How did the United States Constitution, as originally adopted, limit majority rule?
The United States Constitution as written limited majority rule in several ways. First, the concept of majority rule deals with which party controls Congress. Since the Constitution separated the jobs of each branch of government, it is possible that the majority party or group in Congress may not get its way or what it wants. The majority rule of one party or group may be limited if the President, from the executive branch, uses his power to control the legislative branch. With the system of checks and balances, the President could veto a bill passed by the majority in Congress. If the President is from a different party, he could threaten to veto or block a proposed law. This could cause the majority in Congress to consider the views of the President or the minority party.
It is also possible that the courts could restrict the rule of the majority. With the system of checks and balances, the courts could rule that laws passed by the legislative branch are illegal or unconstitutional. If that occurs, the law would not go into effect.
The Constitution also limited the power of people to elect some of their leaders. For many years, we couldn’t elect our United States Senators. They were chosen by the state legislature. We also don’t directly elect the President. We vote for electors who actually choose the President. Thus, it possible that the candidate that receives the majority of the popular vote won't become President.
There were several ways the Constitution limited the rule of the majority.
The Constitution did this in a number of ways.
First, it limited the influence that people would have over the government. It allowed the people to directly elect the House of Representatives, but it did not allow direct elections of any other part of the government. This would help to inhibit majority rule.
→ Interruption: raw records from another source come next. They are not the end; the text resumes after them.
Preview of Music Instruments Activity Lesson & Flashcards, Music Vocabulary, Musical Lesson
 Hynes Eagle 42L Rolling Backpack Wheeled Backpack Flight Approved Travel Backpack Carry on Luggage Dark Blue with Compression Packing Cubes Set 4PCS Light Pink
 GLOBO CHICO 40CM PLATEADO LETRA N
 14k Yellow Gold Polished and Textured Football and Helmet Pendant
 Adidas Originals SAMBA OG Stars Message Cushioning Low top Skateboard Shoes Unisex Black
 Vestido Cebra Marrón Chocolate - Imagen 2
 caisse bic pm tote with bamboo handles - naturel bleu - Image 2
Second, it placed a number of restrictions on what the government could do. It did not give it the right to regulate commerce within any state, regardless of what the majority wanted. It did not give it the right to pass bills of attainder, even if the majority wanted to.
In these ways, the Constitution limited majority rule.
The primary way in which the U.S. Constitution sought to limit the power of majority rule was based upon the principle of separation of powers and checks and balances as articulated by James Madison in Federalist Papers #10 and #51.
Madison effectively wanted to create a system of government that would prevent any single interest from gaining control of all of government at any one time. Separation of powers meant dividing the powers of government not only between the three branches of government and the national level but also by expressly dividing the powers of government between the national and the state level and then giving explicit powers to the various branches and the various levels of government.
This division of powers, underscored by different constitutional responsibilities of the three branches (legislative, executive, and judicial), meant that even it would be very difficult for a single majority to dominate and control all the branches at once.
The Constitution also divides the legislative branch into two chambers (known as bicameralism) and those two chambers (the House of Representatives and the Senate) represent different majorities and constituencies because of different term lengths and the staggering of elections in addition to terms and different geographic areas (geographic congressional districts and state wide senate seats).
Majority rule is also limited by language in the 9th and 10th Amendments to the Constitution that places meaningful limits on the powers of the national government but reserving all powers not expressly given to those institution to the states and to the people.
One additional way in which majority rule is limited is by the use of supermajorities for amending the Constitution. This means that it takes a supermajority in both houses of Congress (2/3) to approve an amendment to be sent to the states for ratification and it takes a super majority of the states (3/4) to ratify the proposed amendment.